The original data were collected in the early 1990s near the village of Stein in the Netherlands, in the floodplain of the Meuse River. The data include topsoil heavy metal concentrations (cadmium, copper, lead, zinc) at 155 sample locations, along with a handful of environmental covariates. The dataset was published and distributed with the sp package in R by Edzer Pebesma and Roger Bivand, and it has been a workhorse teaching dataset in spatial statistics ever since.

The original dataset comes in two objects from the sp package: meuse (155 sample points) and meuse.grid (the prediction grid). In this book we use trimmed versions of both. For the point data we use meuse2, and for the prediction grid we use meuse.grid2. Load them like this:

meuse2 <- readRDS("data/meuse2.Rds")            # 164 sample points
meuse.grid2 <- readRDS("data/meuse.grid2.Rds")  # prediction grid

The prediction grid

meuse.grid2 extends the original meuse.grid with modern covariate layers pulled from open data sources. Here is what was added and where it came from.

Elevation and terrain derivatives were pulled using the elevatr package (Hollister et al. 2025), which fetches AWS terrain tiles at roughly 10 m resolution (zoom level 14). The elevation raster was reprojected to RD New (EPSG:28992) before computing terrain derivatives with terra::terrain() and terra::flowAccumulation() (Hijmans 2026).
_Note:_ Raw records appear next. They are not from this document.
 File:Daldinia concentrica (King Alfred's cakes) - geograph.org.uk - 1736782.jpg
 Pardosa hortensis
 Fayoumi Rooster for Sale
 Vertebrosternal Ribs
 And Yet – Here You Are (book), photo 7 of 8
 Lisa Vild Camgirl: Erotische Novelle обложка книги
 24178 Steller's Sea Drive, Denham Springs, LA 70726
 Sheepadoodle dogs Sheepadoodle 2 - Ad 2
Land cover is from ESA WorldCover 2021, a global 10 m land cover product based on Sentinel-1 and Sentinel-2 imagery. The data are freely available from the ESA public S3 bucket and were accessed using the rstac package (Simoes et al. 2021). The study area straddles the boundary between two 3x3 degree tiles (N48E003 and N51E003), which were merged before cropping.
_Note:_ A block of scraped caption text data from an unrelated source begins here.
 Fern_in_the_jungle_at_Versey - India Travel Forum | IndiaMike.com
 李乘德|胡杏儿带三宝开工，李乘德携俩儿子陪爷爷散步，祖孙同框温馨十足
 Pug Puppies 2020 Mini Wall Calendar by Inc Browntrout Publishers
River distance was computed using main channel geometries pulled from OpenStreetMap via the osmdata package (Mark Padgham et al. 2017), filtered to features tagged as waterway=river with names matching Maas, Meuse, or Afgesneden Maas. Streams and canals were excluded to avoid spurious near-zero distances in the upland parts of the study area. Distance from each grid cell to the nearest retained feature was calculated in meters using sf::st_distance() (Pebesma 2026).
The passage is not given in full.